* [Input for this task]:
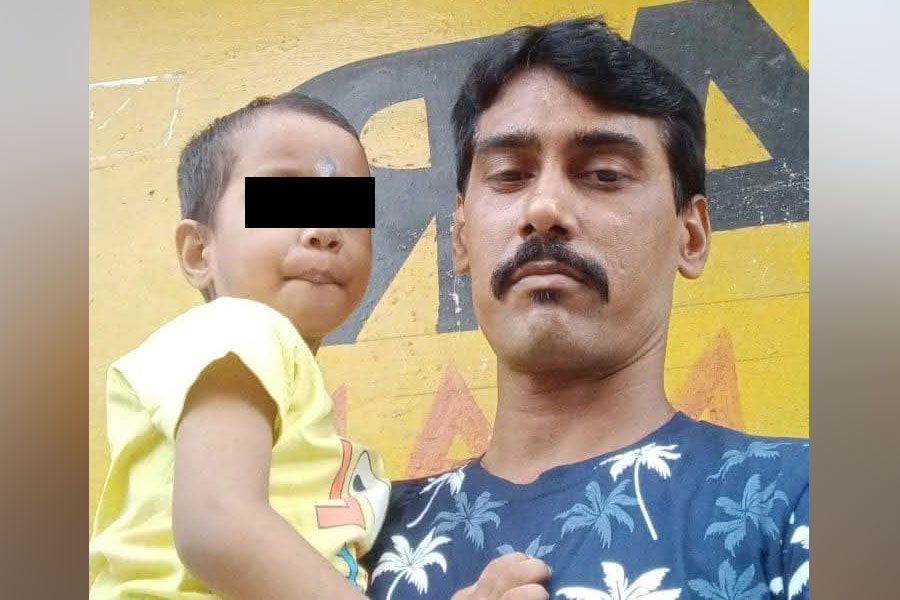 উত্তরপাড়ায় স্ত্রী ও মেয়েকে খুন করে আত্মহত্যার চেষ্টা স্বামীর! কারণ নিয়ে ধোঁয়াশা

==

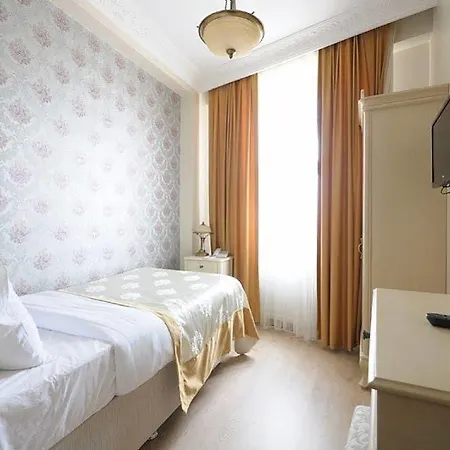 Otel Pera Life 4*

...

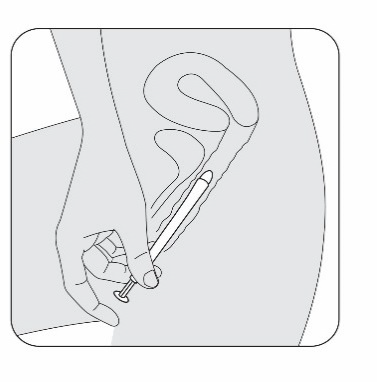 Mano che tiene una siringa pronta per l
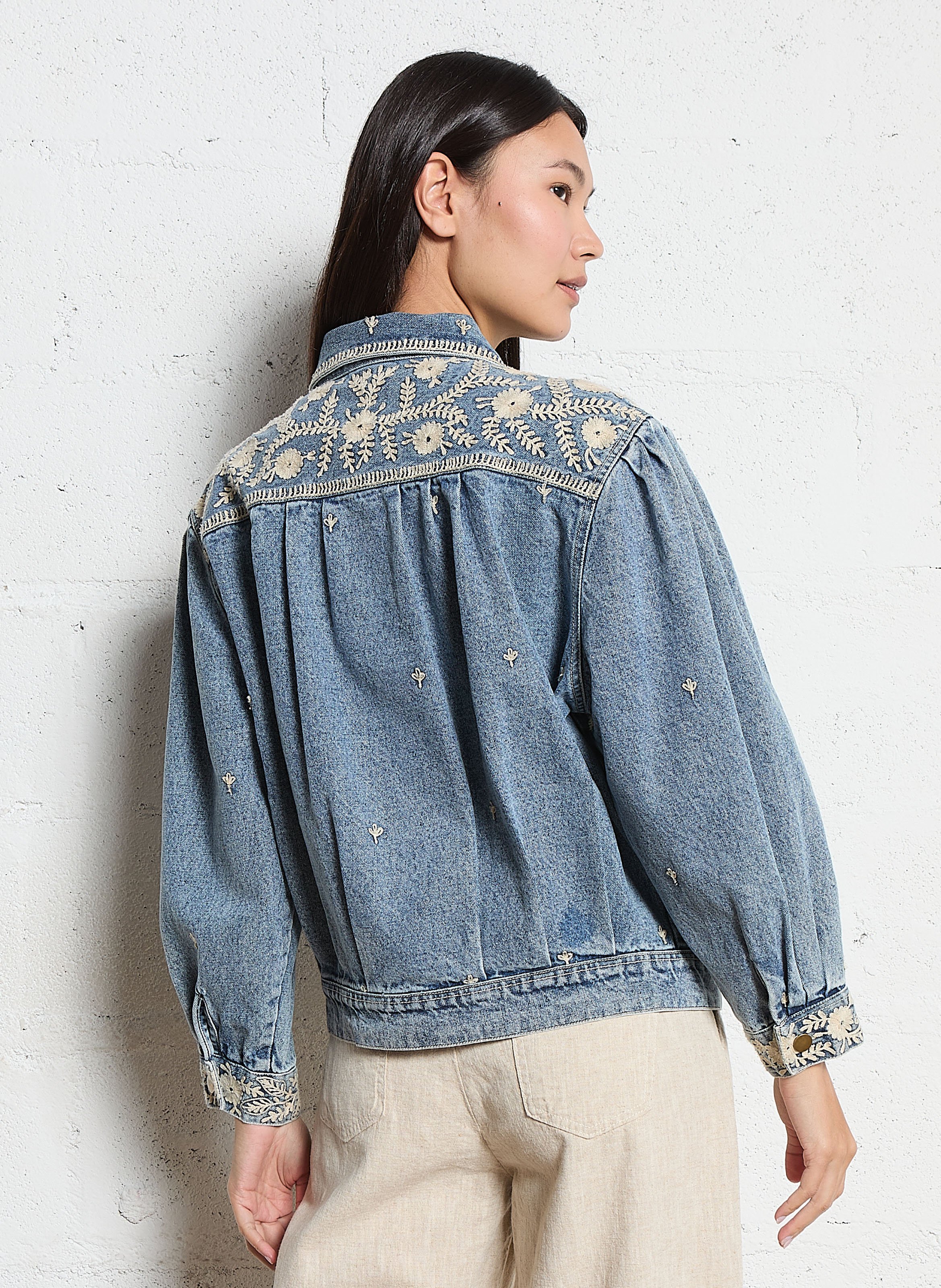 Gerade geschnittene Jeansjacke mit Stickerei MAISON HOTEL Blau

* [What you are asked to do]:
In the listing above, find the line with "Mano che tiene una siringa pronta per l" and the line with "Gerade geschnittene Jeansjacke". Copy exactly those two and every line between, without the pictures.

* [Response to this exercise]:
 Mano che tiene una siringa pronta per l
 Gerade geschnittene Jeansjacke mit Stickerei MAISON HOTEL Blau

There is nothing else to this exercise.